When my kids were younger I had regular meet ups, mums round for coffee and it was lovely. Covid happened and we all went back to work or moved and the dynamics changed. I feel like everyone moved on.

kids play sport and there are a group of mums but we don’t really socialise, either that or it’s very hard to break into.

Someone mentioned previous friendships. Yes I have a couple of really good friends that I grew up with, went to uni with but I live in Ireland and they live in England. We see each other but not often.

Completely get I have to make a move. I did an exercise class for a year or so and it was mainly older women as it was a week day morning, so not my demographic. What do 40 something women do 🤷‍♀️

I just feel at a loss.

I need to have a proper chat with my husband as I need to get out in the evenings or do something that doesn’t involve family life.

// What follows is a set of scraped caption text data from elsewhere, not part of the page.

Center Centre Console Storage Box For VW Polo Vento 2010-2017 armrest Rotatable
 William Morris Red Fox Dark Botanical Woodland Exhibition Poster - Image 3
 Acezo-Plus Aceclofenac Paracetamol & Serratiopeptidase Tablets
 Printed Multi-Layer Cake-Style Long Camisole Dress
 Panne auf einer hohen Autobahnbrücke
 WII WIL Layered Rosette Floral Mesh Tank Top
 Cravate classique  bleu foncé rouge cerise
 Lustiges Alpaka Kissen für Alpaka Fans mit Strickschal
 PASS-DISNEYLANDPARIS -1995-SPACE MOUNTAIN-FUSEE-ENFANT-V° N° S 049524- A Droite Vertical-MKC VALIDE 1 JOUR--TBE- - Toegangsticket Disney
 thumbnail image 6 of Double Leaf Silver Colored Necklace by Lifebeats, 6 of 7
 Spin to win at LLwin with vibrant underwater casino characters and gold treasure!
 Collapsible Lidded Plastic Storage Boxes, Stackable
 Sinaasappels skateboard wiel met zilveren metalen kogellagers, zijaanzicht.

The thing that jumped out at me was H on the laptop ( not RTFT, sorry). Have you addressed this?

Lastandfirst · 22/09/2023 09:08

Yes, I think I need to look a bit harder. If it helps I live in a small village in Ireland. It rains a lot… don’t know why that’s relevant but feel it should be 😆

I think there is a massive gap in the market in this area for stuff when you are between life stages.

@Chickenkeev 100% need to address the work life balance with my husband. When I say he’s on his laptop he’s working. He’s a good man but since lockdown I’ve found the lines between work and home massively blurred.

Thank you all … I needed a kick up the arse to change my situation and be more pro-active.

OP posts:
Lastandfirst · 22/09/2023 09:09

@Phos yes, I think your right. It’s getting out as a first step.